What Is a COA and Why Does It Matter?

If you've spent any time shopping for hemp or CBD products, you've probably seen the letters "COA" — maybe printed on a label, linked via QR code, or referenced on a retailer's website. But what exactly is a COA, and why should it matter to you as a consumer?

The answer is straightforward: a COA is one of the clearest signals that a hemp brand is being honest with you.

COA Stands for Certificate of Analysis

A Certificate of Analysis is an official document issued by an independent, third-party laboratory confirming what's actually inside a hemp or CBD product.

It verifies:


Cannabinoid content and potency

— how much CBD, Delta-9 THC, THCA, and other cannabinoids are present


Legal compliance

— whether Delta-9 THC is within the federal limit of ≤ 0.3% by dry weight


Safety

— whether the product is free from harmful contaminants like pesticides, heavy metals, mold, and residual solvents

In short: a COA is proof that the product is what the label says it is — not just what the brand wants you to believe.

Why Can't You Simply Trust the Label?

The hemp and CBD industry has grown rapidly — and while that's exciting, it also means regulation hasn't fully caught up. The FDA does not pre-approve hemp products before they reach store shelves. That means brands and retailers carry the responsibility of testing their products and making those results accessible.

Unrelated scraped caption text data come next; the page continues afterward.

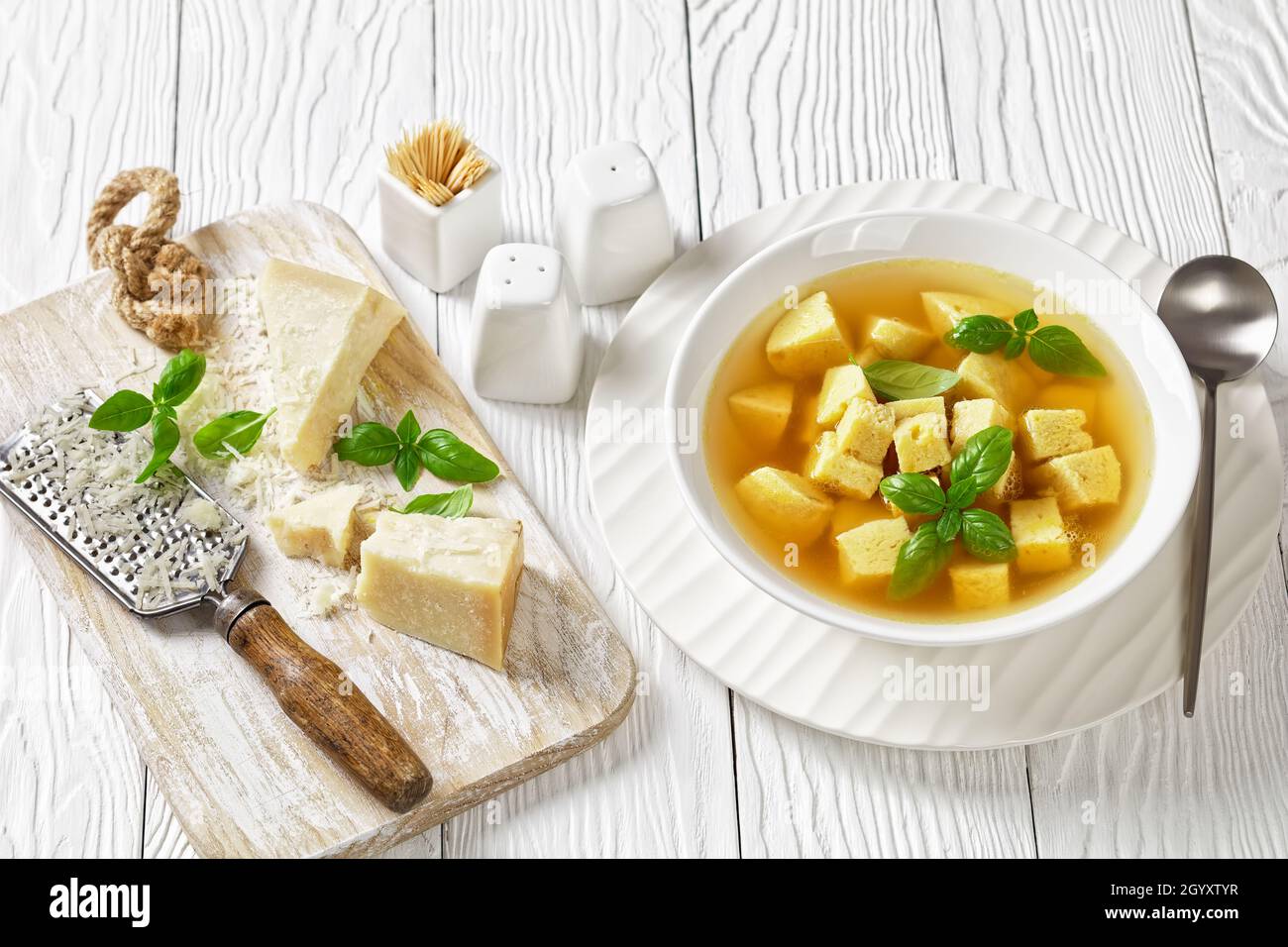 Zuppa imperiale, italienische Suppe aus Hühnerbrühe mit Parmesan-Eierknödeln, bestreut mit geriebenem Käse und Basilikum in einer Schüssel auf einem Holztisch Stockfoto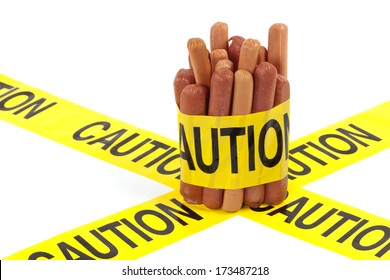 Dietary Fast Food Warning, Caution Of High Cholesterol And Saturated Fat, Unhealthy Nutrition Concept Image (Variety Of Beef Sausages, Wieners And Hot Dogs Wrapped In Yellow Caution Tape)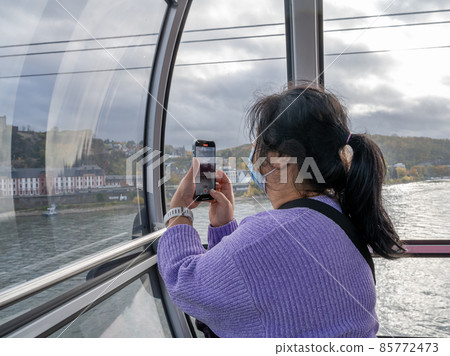 A middle-aged Asian woman with a smartphone wearing face mask in a cable car 85772473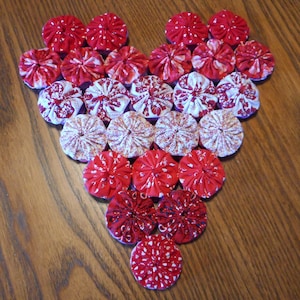 Reversible Rojo Rosa y Púrpura Yoyo Trivet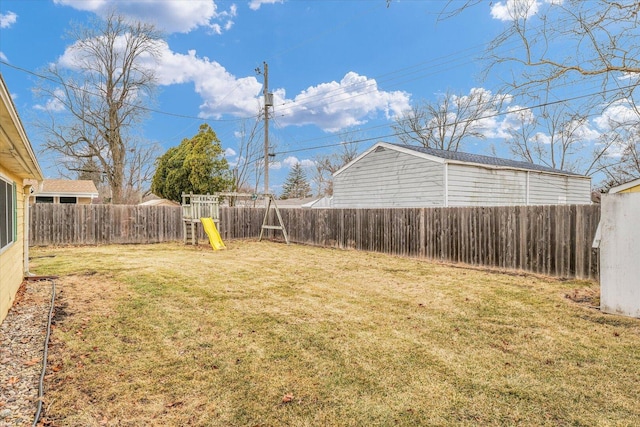 view of yard with a fenced backyard and a playground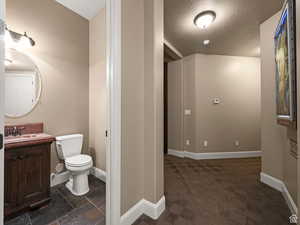 Powder room featuring a dark wood-finish vanity with a red-hued countertop, oval mirror, and slate-finish floor tiles
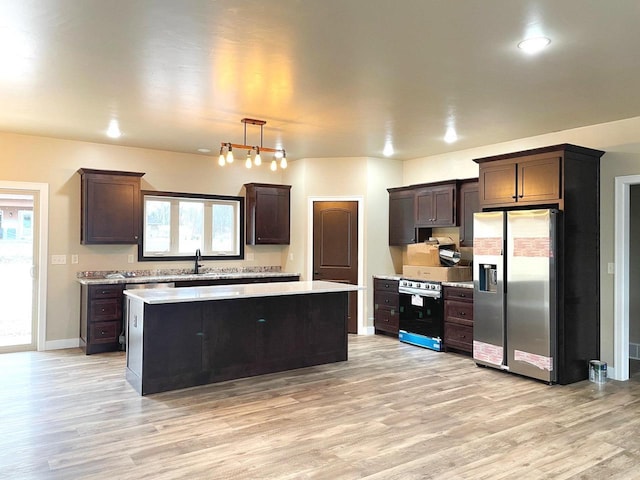 kitchen with light hardwood / wood-style floors, appliances with stainless steel finishes, a kitchen island, pendant lighting, and sink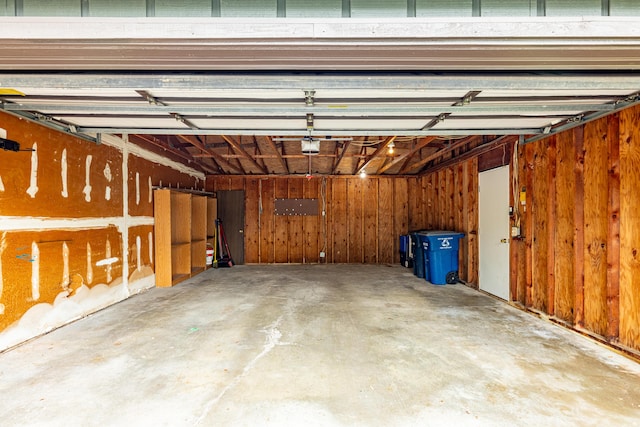 2623 Meade Ct, Ann Arbor, MI 48105 - garage with a garage door opener and wooden walls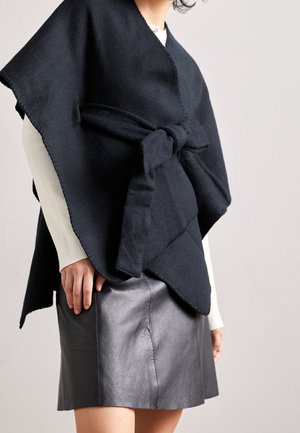 Vrouw die een zwarte gebreide sjaal draagt, geknoopt aan de voorkant, over een witte geribbelde top met lange mouwen en een zwarte leren rok.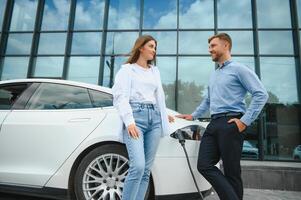 lächelnd Mann und Frau auf das Laden Bahnhof zum elektrisch Autos. ein Mann ist Laden ein Wagen. foto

Without a COA, there is no independent verification that:


The product contains the cannabinoid levels advertised


Delta-9 THC is within the legal threshold


The product is free of pesticides, heavy metals, or microbial contamination

A label can say anything. A COA has to be backed by real laboratory data.

What Makes a COA Legitimate?

Not all COAs carry equal weight. Here's what separates a trustworthy COA from one that raises questions:

Third-party testing — The COA must come from a laboratory with no financial relationship to the brand being tested. In-house lab results are not acceptable.

ISO/IEC 17025 accreditation — This is the international gold standard for laboratory testing competence. Look for this accreditation number listed directly on any COA you review.

Batch-specific — The COA should correspond to the exact batch or lot number printed on the product packaging. A generic COA that doesn't match the product you're holding is not valid proof for that specific product.

Recent — Hemp products should be tested regularly. COAs older than 12–18 months may not accurately reflect the current product batch.

Why COAs Matter Specifically in Pennsylvania

Pennsylvania hemp retailers are expected to maintain complete COA documentation for every product and batch they sell. This isn't just best practice — it's part of running a compliant, trustworthy hemp business under the PA Industrial Hemp Act.

With Pennsylvania's updated regulations taking effect in November 2026 — requiring that total THC (including THCA) remain at or below 0.3% — accurate, current COA documentation becomes even more critical for consumers to review before purchasing.

How Elevated Flowers Uses COAs

At Elevated Flowers, COA transparency isn't an afterthought or a compliance checkbox. It's built into how we operate — because we believe every customer has the right to see what they're buying before they buy it.

Every product on our shelves has a batch-specific COA from an ISO/IEC 17025 accredited third-party laboratory. We make access simple:


QR code on every product

— scan to view the full lab report instantly from your phone


In-store compliance binder

— printed copies organized by product, available at the register


On request

— any team member can pull up a COA for any product at any time

That's the Elevated Flowers standard. And it's one we hold our suppliers to as well.

The Bottom Line

A COA is not a formality — it's a fundamental consumer protection tool. When a hemp retailer makes COAs easy to access and understand, that's a signal they stand behind every product they sell.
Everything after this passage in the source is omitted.